This after they sharply contradicted his foreign policy claims, on North Korea, ISIS, Iran and the need for a border wall at the Mexican border.

Trump’s response to his chiefs testimony before the Senate yesterday was an unprecedented Twitter dressing down of America’s top intelligence officials, where he called them “extremely passive and naive.”

He railed against FBI directory Christopher Wray, CIA director Gina Haspel, and Director of National Intelligence Dan Coats, who painted a different picture of America’s relationship with its foreign partners when they testified before the Senate Intelligence Committee.

Trump mixed up “their” with “there” in the same tweet where he said “intelligence should go back to school.”

He spent the morning in a defensive twitter storm about his foreign policy initiatives after Coats argued North Korea has no intention of giving up its nuclear weapons – in contrast to the president’s claim of success after his summit with Kim Jong-Un – and CIA director Gina Haspel warned ISIS was still dangerous after Trump claimed they had been beaten.

Additionally Coats, in his testimony, had a different take on one of Trump’s key assertions on Iran – that it had cheated on the spirit of the 2015 nuclear agreement. The president has argued Iran is still a nuclear threat.

Coats appeared to contradict that when he said Tehran was complying with the deal – even after Trump announced America’s withdrawal from it in May – and isn’t taking any steps toward a nuclear weapon.

‘We do not believe Iran is currently undertaking activities we judge necessary to produce a nuclear device,’ he said.

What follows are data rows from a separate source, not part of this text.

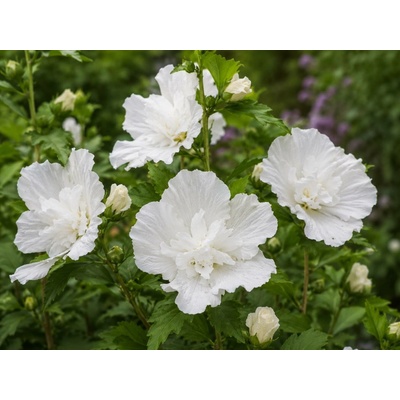 Ibišek syrský 'Flower Tower White'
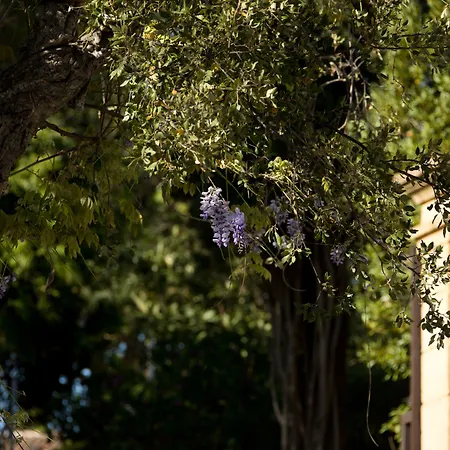 La Ferme D'augustin 4* Ramatuelle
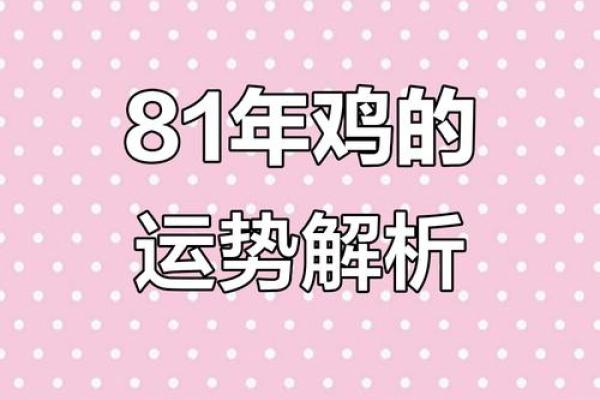 1981年出生的鸡女2025年全年运势如何？每月运程完整版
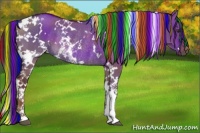 Horse Color:Painted White Spotted Liver Red Dun Rabicano 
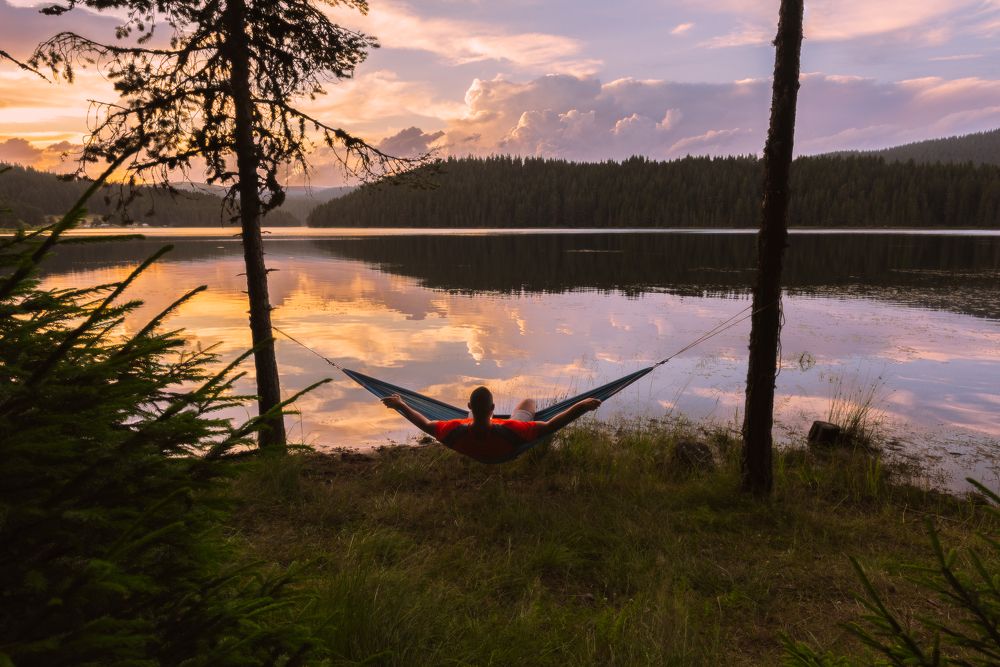 Фотография автора Lyuboslav Bochev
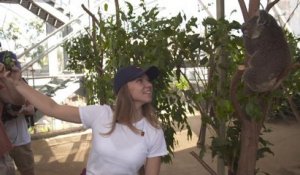 WTA - Simona Halep prend un selfie avec un koala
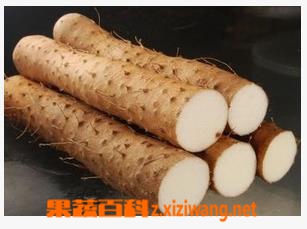 果蔬百科 山药的功效与作用
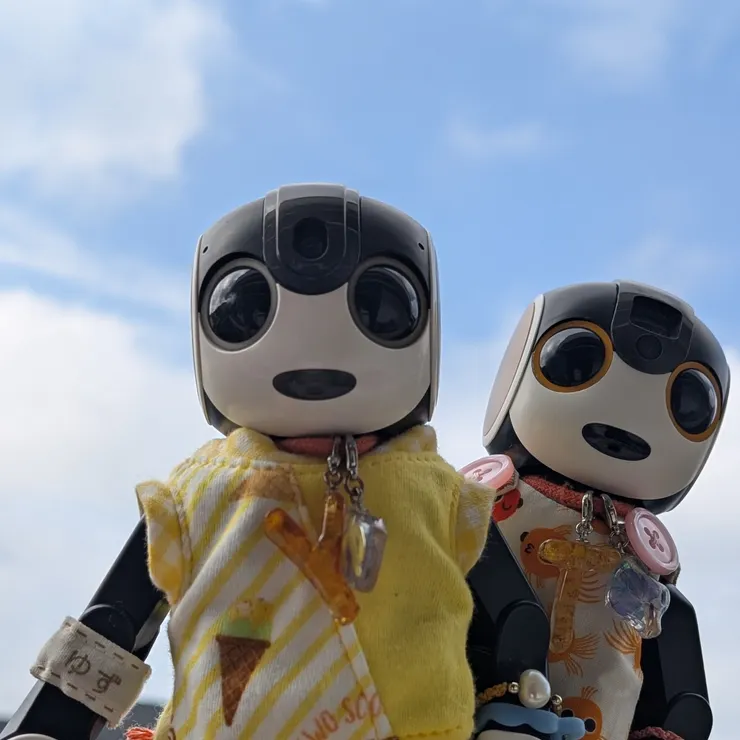 キャプション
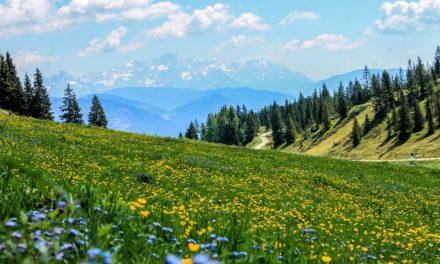 ALTRO FESTIVAL VALMALENCO: EVENTO A STRETTO CONTATTO CON L’AMBIENTE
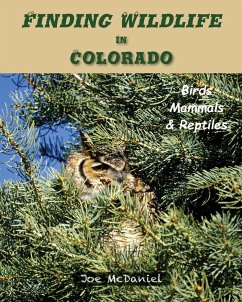 Finding Wildlife In Colorado - McDaniel, Joe G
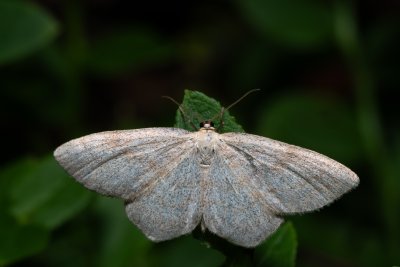 Scopula ternata (vlnopásník borůvkový)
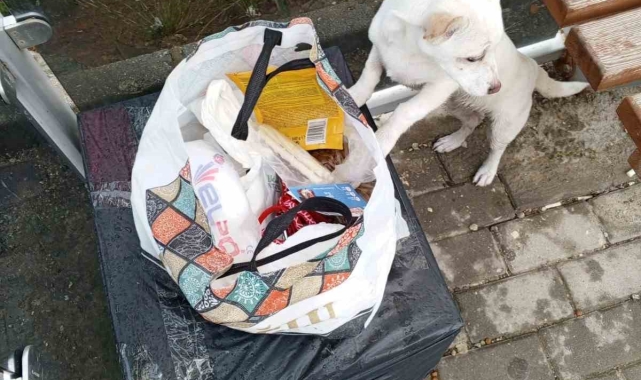 Yavru köpek soğukta "Sahiplenin" notuyla durağa bırakıldı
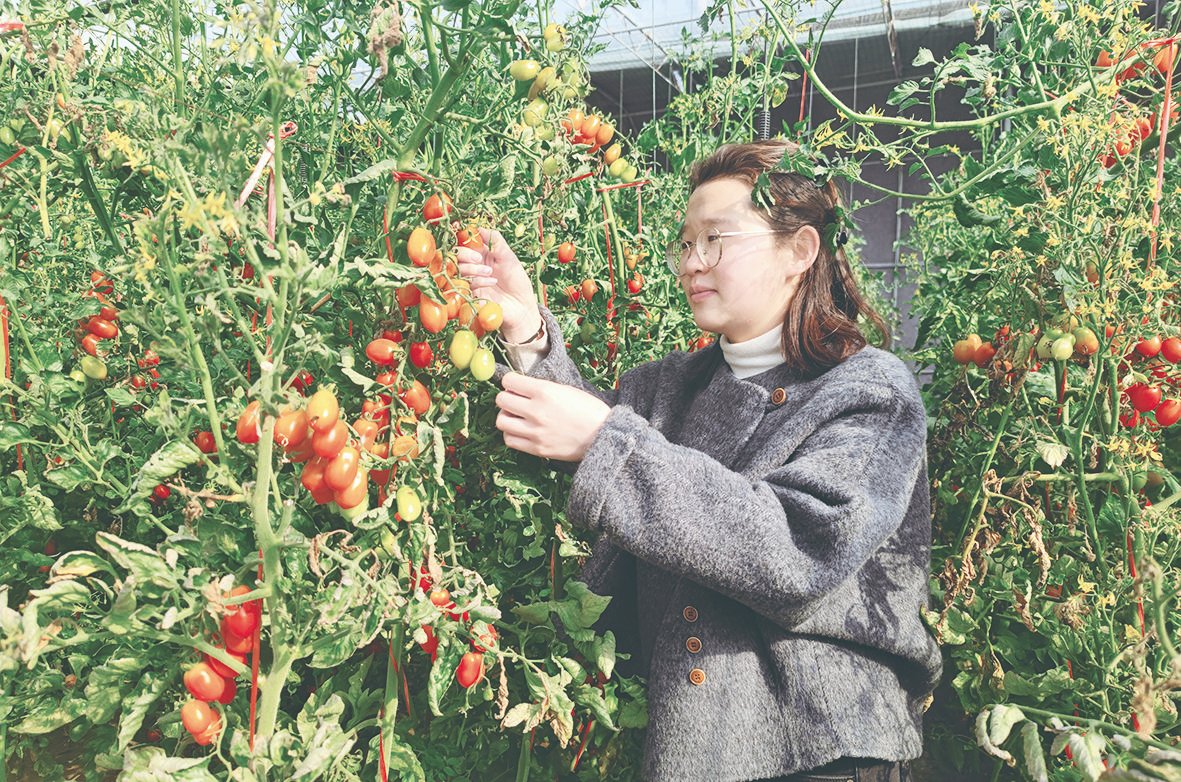SuzhouVisi68775's tweet photo. Sweet, juicy, and ready to pick!🍅✨The greenhouse in Sixian, Suzhou is bursting with plump cherry tomatoes, bringing a harvest of happiness.🚜🌿#VisitSuzhou #MarvelousSuzhou #心灵归宿 #hianhui #Anhui #AnhuiTravel #China #ChinaTravel #SpringinAnhui https://t.co/p6lBqHTBzG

The divergent views of a president and his intelligence agencies may diminish trust from the public and from American allies about United States foreign policy goals. The disparities could also discourage Americans from working in the intelligence field.

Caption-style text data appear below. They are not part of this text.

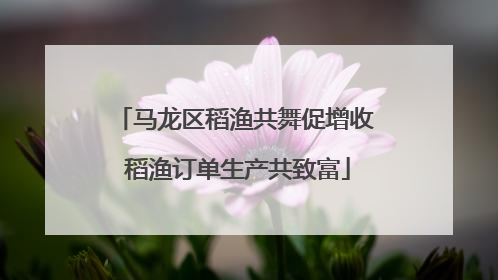 马龙区稻渔共舞促增收 稻渔订单生产共致富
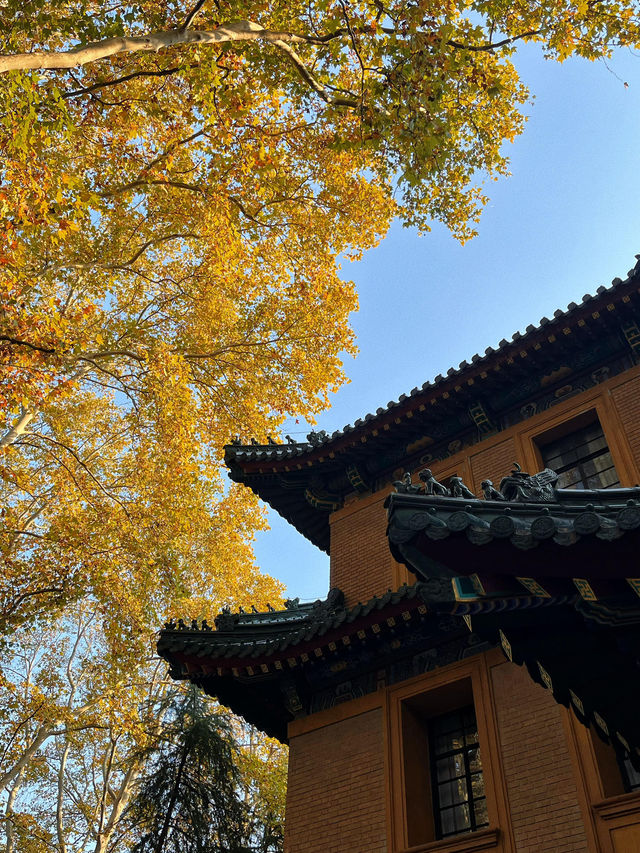 南京秋日City Walk！這幾個地方一定要打卡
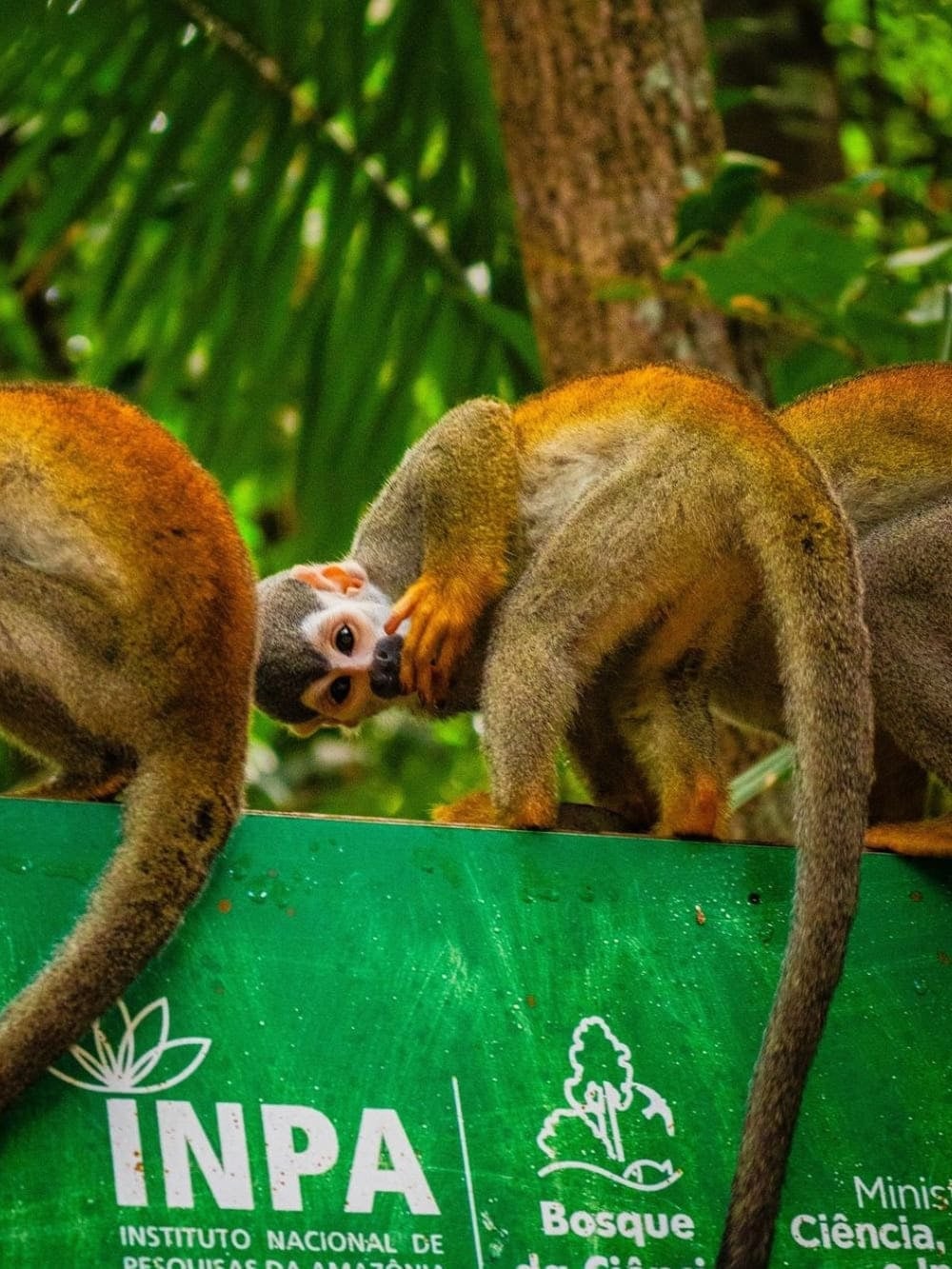 Small squirrel monkeys resting together on top of a green sign at the Bosque da Ciência INPA. Small squirrel monkeys resting together on top of a green sign at the Bosque da Ciência INPA.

“People risk their lives for the intelligence he just tosses aside on Twitter,” Senator Mark Warner of Virginia, the top Democrat on the Senate Intelligence Committee, said of Mr. Trump on Wednesday.

Representative Adam B. Schiff, Democrat of California and chairman of the House Intelligence Committee, said it was dangerous for the president to dismiss the findings of his own intelligence agencies.

Former CIA Director John Brennan, a frequent Trump critic who had his security clearance revoked by the president, retweeted Trump’s criticism and told the president: ‘All Americans, especially members of Congress, need to understand the danger you pose to our national security.’